Model Card for Model ID
This is an extra trees model for sensitive detection of somatic indel candidates.
Model Details
Model Description
- Developed by: Özlem Muslu
- Funded by : European Research Council (“ERC Advanced Grant “SUMMIT” (Ugur Sahin): 789256”)
- License: cc-by-nc-nd-4.0
Model Sources
Uses
Using matched tumor-normal paired short read sequencing data, you can call a sensitive list of somatic small indels.
Direct Use
You can extract features from a matched tumor-normal sequencing pair using https://github.com/TRON-Bioinformatics/tronflow-vcf-postprocessing and use this model on its output. Specific features this model utilizes are:
- primary_af
- primary_dp
- primary_ac
- primary_pu
- primary_pw
- primary_k
- primary_rsmq
- primary_rsmq_pv
- primary_rspos
- primary_rspos_pv
- normal_af
- normal_dp
- normal_ac
- normal_pu
- normal_pw
- normal_k
- normal_rsmq
- normal_rsmq_pv
- normal_rspos
- normal_rspos_pv
Downstream Use
This model is a part of VariantMedium somatic variant caller and is integrated directly into its workflow https://github.com/TRON-Bioinformatics/VariantMedium.
Out-of-Scope Use
The model on its own is not intended to create a final list of variant calls, it is intended for filtering out noticeable false positives.
Bias, Risks, and Limitations
The model is trained on the output of cell line WES and an AML WGS, both originating from short read Illumina sequencing. It is tested for other cancer entities and for solid tumors, but is not tested for non-Illumina sequencing.
Recommendations
We recommend using this model for Illumina-based WES and WGS (paired, short read).
Training Details
Training Data
Matched tumor-normal sequencing published under https://ega-archive.org/studies/EGAS00001007633 and https://www.ncbi.nlm.nih.gov/projects/gap/cgi-bin/study.cgi?study_id=phs000159.v13.p5.
Training Procedure
scikit-learn GridSearchCV. Hyperparameters are given under the relevant section.
Preprocessing
Given matched tumor-normal BAM files:
- BAM preprocessing (https://github.com/TRON-Bioinformatics/tronflow-bam-preprocessing)

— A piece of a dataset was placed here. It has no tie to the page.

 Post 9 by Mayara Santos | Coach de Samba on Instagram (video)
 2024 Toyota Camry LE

- Candidate variant calling (https://github.com/TRON-Bioinformatics/tronflow-strelka2)
- Variant normalization and feature extraction (https://github.com/TRON-Bioinformatics/tronflow-vcf-postprocessing)
Training Hyperparameters
hyperparams = [
{
'n_estimators': [100, 200],
'max_depth': [5, 10],
'criterion': ['entropy'],
'max_features': ['sqrt', 'log2'],
'bootstrap': [True, False]
},
{
'n_estimators': [300, 400],
'max_depth': [10, 15],
'criterion': ['entropy'],
'max_features': ['sqrt', 'log2'],
'bootstrap': [True, False]
}
]
Evaluation
Evaluation using CV and a left out cell line.

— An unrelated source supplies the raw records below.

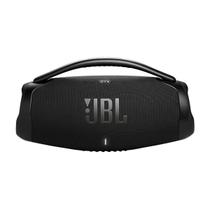 Caixa De Som Bluetooth Jbl Boombox 3 Wifi 80w Midnight Black Caixa De Som Bluetooth Jbl Boombox 3 Wifi 80w Midnight Black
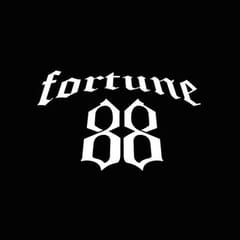 Fortune 88 Run Club logo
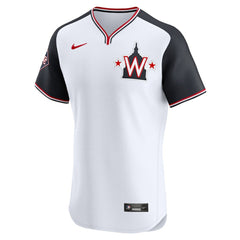 Washington Nationals Nike Alternate Elite Jersey - MLB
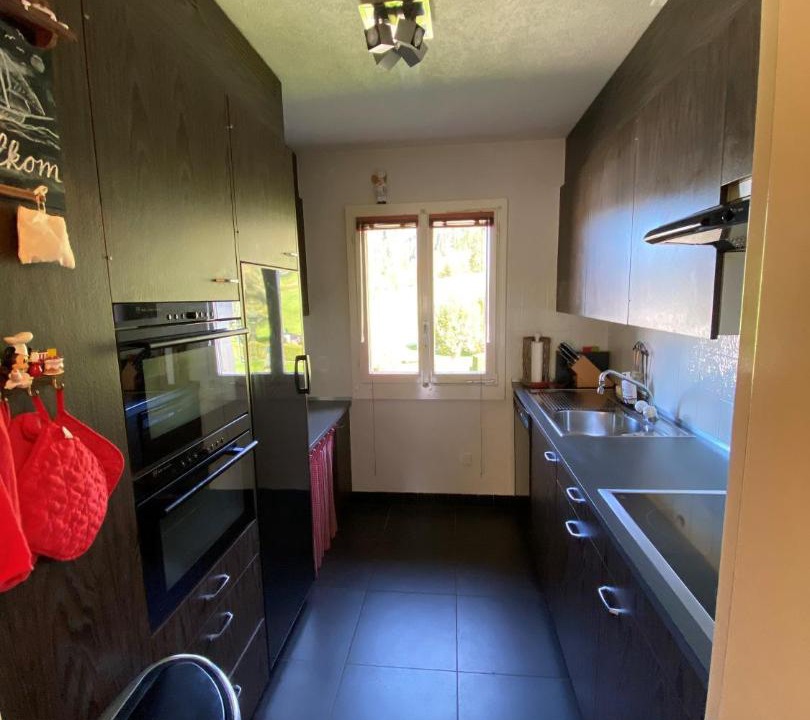 Photo of Kitchen in Plaffeien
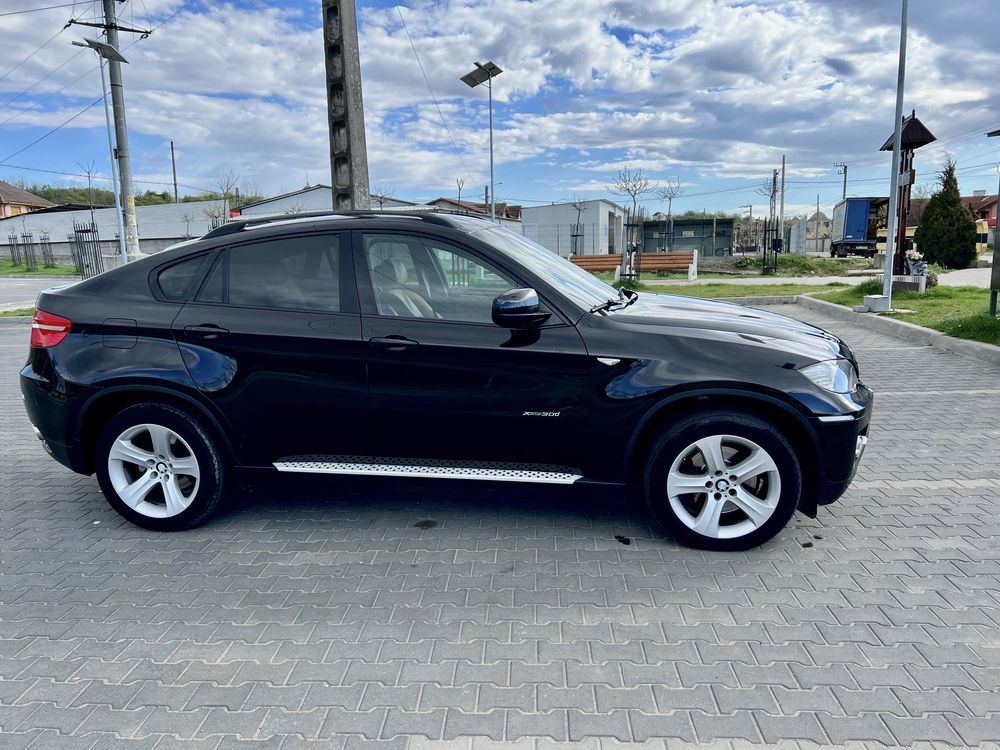 Bmw x6 3.0 Diesel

Testing Data, Factors & Metrics
Testing Data
Tested on independent data sets:
Metrics
Sensitivity and precision, with sensitivity as the primary metric since the aim was to filter out noticeable false positives instead of coming up with a final list of variants.
Results
| Metric | Test Set |
|---|---|
| Precision | 0.8564 |
| Recall | 0.6048 |
| F1 Score | 0.7089 |
Summary
Test set recall dropped slightly compared to control (0.6167 -> 0.6048), but precision increased (0.8216 -> 0.8564).